- _Provided data_:
=== Begin Enclosure ===

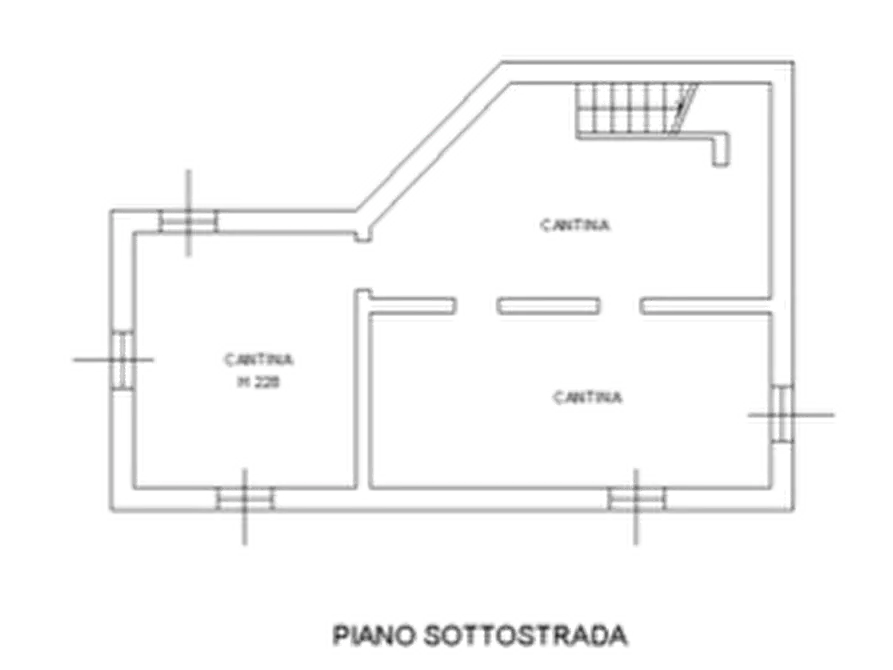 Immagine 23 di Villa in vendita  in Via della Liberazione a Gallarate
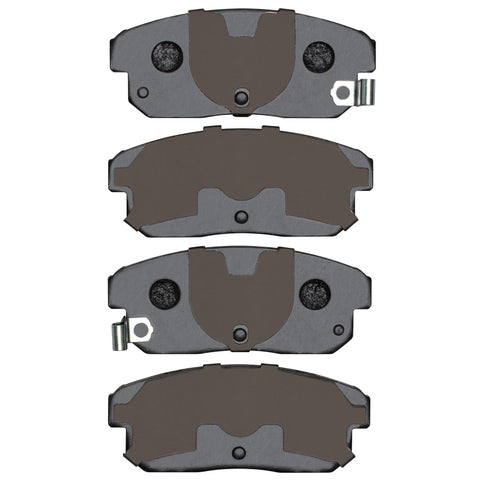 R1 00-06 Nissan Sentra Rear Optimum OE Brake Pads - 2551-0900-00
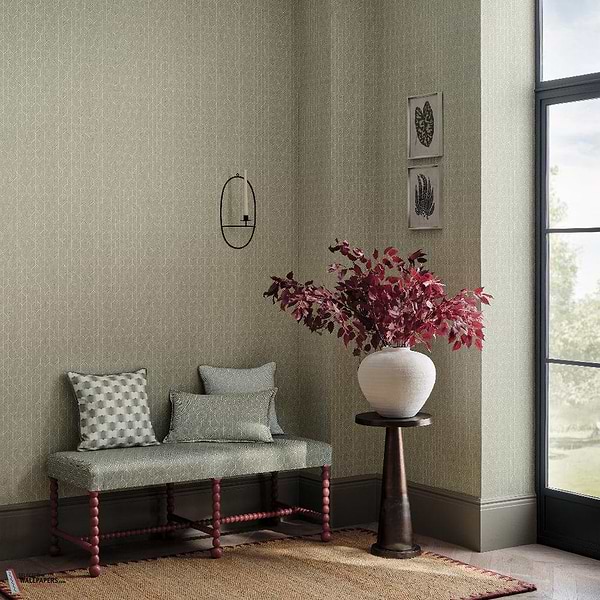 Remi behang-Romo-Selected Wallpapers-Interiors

=== End Enclosure ===

- _Directions for this task_:
Copy out all of the listing word for word, but skip the images.

- _Solution_:
 Immagine 23 di Villa in vendita  in Via della Liberazione a Gallarate
 R1 00-06 Nissan Sentra Rear Optimum OE Brake Pads - 2551-0900-00
 Remi behang-Romo-Selected Wallpapers-Interiors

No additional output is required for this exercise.